Anne Webster has dedicated her life to helping others.

For the past 20 years, she has worked as an asthma and respiratory nurse with Tu Kotahi Māori Asthma Trust in Lower Hutt, focusing on educating children and their whānau about asthma.

Her colleagues describe her as one of the most caring nurses, who always goes the extra mile for whānau in her care.

But Ms Webster is humble in her response.

“It really is a team effort that fits me for getting out in the community to work with and for whānau.

Originally from Gisborne, Ms Webster has spent two decades trying to help tamariki stay well with their asthma. She retired last month.

While there are many struggles, there are also many rewards, she says.

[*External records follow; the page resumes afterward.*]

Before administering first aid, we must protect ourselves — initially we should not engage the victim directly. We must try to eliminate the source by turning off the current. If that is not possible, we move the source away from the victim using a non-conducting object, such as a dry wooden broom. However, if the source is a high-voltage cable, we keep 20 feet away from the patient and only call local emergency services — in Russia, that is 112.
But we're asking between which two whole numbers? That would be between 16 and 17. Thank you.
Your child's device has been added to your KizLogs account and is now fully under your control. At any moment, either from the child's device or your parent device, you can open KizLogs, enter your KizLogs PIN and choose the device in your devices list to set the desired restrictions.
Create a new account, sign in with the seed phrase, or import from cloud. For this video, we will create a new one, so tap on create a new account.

“Two years ago, a very unhappy 11-year young boy told me he was not going to bother playing basketball anymore because he was embarrassed he had to come off the court every five minutes to have his reliever despite taking his preventer every day.

“I asked his GP for a stronger inhaler and he changed to it, stuck to his asthma action plan, and now rarely misses a game.”

Ms Webster is an advocate for tamariki – she just wants to see them do well.

“I really feel I have achieved something when tamariki are well, at school and thriving.

“It’s also really rewarding to then see these tamariki became adults and parents, then contact me to visit them to help them manage their children’s asthma,” she says.

“It’s most enjoyable seeing their beautiful children and knowing I’ve helped their whole family.”

Ms Webster was recognised for her commitment and dedication at the 2024 Respiratory Achievers’ Awards on Thursday, winning the Respiratory Educator Award.